# Shear and moment diagram

Shear and bending moment diagrams are analytical tools used in conjunction with structural analysis to help perform structural design by determining the value of shear force and bending moment at a given point of a structural element such as a beam. These diagrams can be used to easily determine the type, size, and material of a member in a structure so that a given set of loads can be supported without structural failure. Another application of shear and moment diagrams is that the deflection of a beam can be easily determined using either the moment area method or the conjugate beam method.

## Convention

Although these conventions are relative and any convention can be used if stated explicitly, practicing engineers have adopted a standard convention used in design practices.

### Normal convention

The normal convention used in most engineering applications is to label a positive shear force one that spins an element clockwise (up on the left, and down on the right). Likewise the normal convention for a positive bending moment is to warp the element in a "u" shape manner (Clockwise on the left, and counterclockwise on the right). Another way to remember this is if the moment is bending the beam into a "smile" then the moment is positive, with compression at the top of the beam and tension on the bottom.

This convention was selected to simplify the analysis of beams. Since a horizontal member is usually analyzed from left to right and positive in the vertical direction is normally taken to be up, the positive shear convention was chosen to be up from the left, and to make all drawings consistent down from the right. The positive bending convention was chosen such that a positive shear force would tend to create a positive moment.

### Alternative drawing convention

In structural engineering and in particular concrete design the positive moment is drawn on the tension side of the member. This convention puts the positive moment below the beam described above. A convention of placing moment diagram on the tension side allows for frames to be dealt with more easily and clearly. Additionally placing the moment on the tension side of the member shows the general shape of the deformation and indicates on which side of a concrete member rebar should be placed, as concrete is weak in tension.

## Calculating shear force and bending moment

With the loading diagram drawn the next step is to find the value of the shear force and moment at any given point along the element. For a horizontal beam one way to perform this is at any point to "chop off" the right end of the beam.

The example below includes a point load, a distributed load, and an applied moment. The supports include both hinged supports and a fixed end support. The first drawing shows the beam with the applied forces and displacement constraints. The second drawing is the loading diagram with the reaction values given without the calculations shown or what most people call a free body diagram. The third drawing is the shear force diagram and the fourth drawing is the bending moment diagram. For the bending moment diagram the normal sign convention was used. Below the moment diagram are the stepwise functions for the shear force and bending moment with the functions expanded to show the effects of each load on the shear and bending functions.

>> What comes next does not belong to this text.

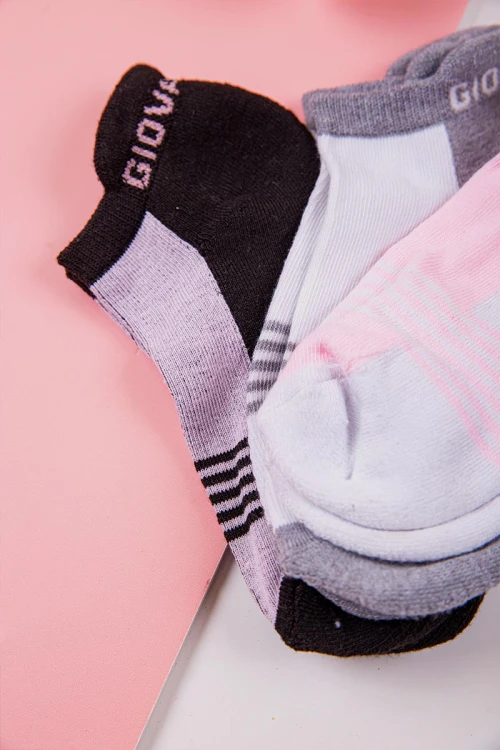 جوارب نسائية ملونةعدد ثلاث قطع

The example is illustrated using United States customary units. Point loads are expressed in kips (1 kip = 1000 lbf = 4.45 kN), distributed loads are expressed in k/ft (1 k/ft = 1 kip/ft = 14.6 kN/m), moments are expressed in ft-k (1 ft-k = 1 ft-kip = 1.356 kNm), and lengths are in ft (1 ft = 0.3048 m).

### Step 1: Compute the reaction forces and moments

Free-body diagram of whole beam

The first step obtaining the bending moment and shear force equations is to determine the reaction forces. This is done using a free body diagram of the entire beam.

The beam has three reaction forces, Ra, Rb at the two supports and Rc at the clamped end. The clamped end also has a reaction couple Mc. These four quantities have to be determined using two equations, the balance of forces in the beam and the balance of moments in the beam. Four unknowns cannot be found given two independent equations in these unknown variables and hence the beam is statically indeterminate. One way of solving this problem is to use the principle of linear superposition and break the problem up into the superposition of a number of statically determinate problems. The extra boundary conditions at the supports have to be incorporated into the superposed solution so that the deformation of the entire beam is compatible.

From the free-body diagram of the entire beam we have the two balance equations

$\sum F=0~,~~\sum M_{A}=0\,.$ Summing the forces, we have

$-10-(1)(15)+R_{a}+R_{b}+R_{c}=0$ and summing the moments around the free end (A) we have

$(R_{a})(10)+(R_{b})(25)+(R_{c})(50)-(1)(15)(17.5)-50+M_{c}=0\,.$ We can solve these equations for Rb and Rc in terms of Ra and Mc :

$R_{b}=37.5-1.6R_{a}+0.04M_{c}$ and

$R_{c}=-12.5+0.6R_{a}-0.04M_{c}\,.$ If we sum moments about the first support from the left of the beam we have

$(10)(10)-(1)(15)(7.5)+(R_{b})(15)+(R_{c})(40)-50+M_{c}=0\,.$ If we plug in the expressions for Rb and Rc we get the trivial identity 0 = 0 which indicates that this equation is not independent of the previous two. Similarly, if we take moments around the second support, we have

$(10)(25)-(R_{a})(15)+(1)(15)(7.5)+(R_{c})(25)-50+M_{c}=0\,.$ Once again we find that this equation is not independent of the first two equations. We could also try to compute moments around the clamped end of the beam to get

$(10)(50)-(R_{a})(40)-(R_{b})(25)+(1)(15)(32.5)-50+M_{c}=0\,.$ This equation also turns out not to be linearly independent from the other two equations. Therefore, the beam is statically indeterminate and we will have to find the bending moments in segments of the beam as functions of Ra and Mc.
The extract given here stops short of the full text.